Сами зачинатели русского символизма, кстати, отнюдь не считали свое творчество оторванным от реальной жизни. Еще в 1905 году В. Я. Брюсов предупреждал любителей подобных размежеваний (имея в виду как многочисленных эпигонов нового течения, так и продолжателей превратно истолкованной пушкинской традиции): «Дорога, по которой идет художник, отделивший творчество от жизни, приходит прямо на бесплодные вершины “Парнаса”. “Парнасцы” — это именно те, кто смело провозгласили крайние выводы пушкинского поэта, соглашавшегося быть “всех ничтожней”, пока его “не требует” глагол Аполлона, — выводы, которые, конечно, ужаснули бы Пушкина». Современный символизм (в противовес общепринятому мнению) Брюсов рассматривает как прямое продолжение реализма XIX века. С его точки зрения, и романтизм, и реализм, и символизм лежат на основной магистрали литературного процесса, тогда как любая разновидность «чистого искусства» (включая уже упомянутых «парнасцев») — на его обочине. Эта «дорожная разметка» европейской литературы проведена Брюсовым, исходя из абсолютной нераздельности жизни и искусства — очевидной для него самого, но поддерживаемой далеко не всеми.
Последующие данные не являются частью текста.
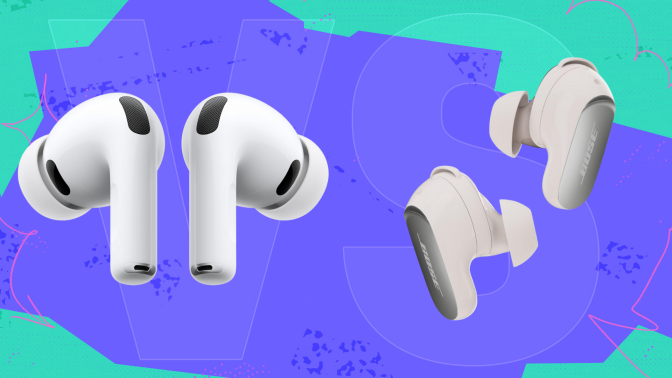 airpods pro 3 and bose qc ultra earbuds on abstract background that says "vs"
Главное отличие романтизма и классического реализма от символического искусства, по мысли Брюсова, заключается в том, что последнее направление давало доступ в творчество «всем сторонам» человеческой души, тогда как предшествующие течения делили переживания поэта на «откровенья преисподней» и на «небесные мечты». Именно по причине этой внутренней цензуры скрывал от людей «ночную сторону» своей души Пушкин. Причем делал он это «не только с гордостью человека, не желающего выставлять свои страдания “на диво черни простодушной”, но и со стыдливостью художника, отделяющего жизнь от искусства». Поль Верлен, «стоящий на пороге нового искусства, уже воплотил в себе тип художника, не знающего, где кончается жизнь, где начинается искусство…». Поэтому, как утверждает Брюсов, «кто принимает стихи Верлена, должен принять и его жизнь; кто отвергает его как человека, пусть отречется и от его поэзии; она нераздельна с его личностью». Любые попытки оторвать «себя — поэта от себя — человека» грозят художнику потерей самых невероятных откровений, гибелью самых сокровенных замыслов. Чтобы избежать этой опасности, мало оставаться лишь предельно искренним — надо подчинить жизнь и искусство одним и тем же законам: «Мы требуем от поэта, чтобы он неустанно приносил свои “священные жертвы” не только стихами, но каждым часом своей жизни, каждым чувством, — своей любовью, своей ненавистью, достижениями и падениями. Пусть поэт творит не свои книги, а свою жизнь. Пусть хранит он алтарный пламень неугасимым, как огонь Весты, пусть разожжет его в великий костер, не боясь, что на нем сгорит и его жизнь. На алтарь нашего божества мы бросаем самих себя. Только жреческий нож, рассекающий грудь, дает право на имя поэта».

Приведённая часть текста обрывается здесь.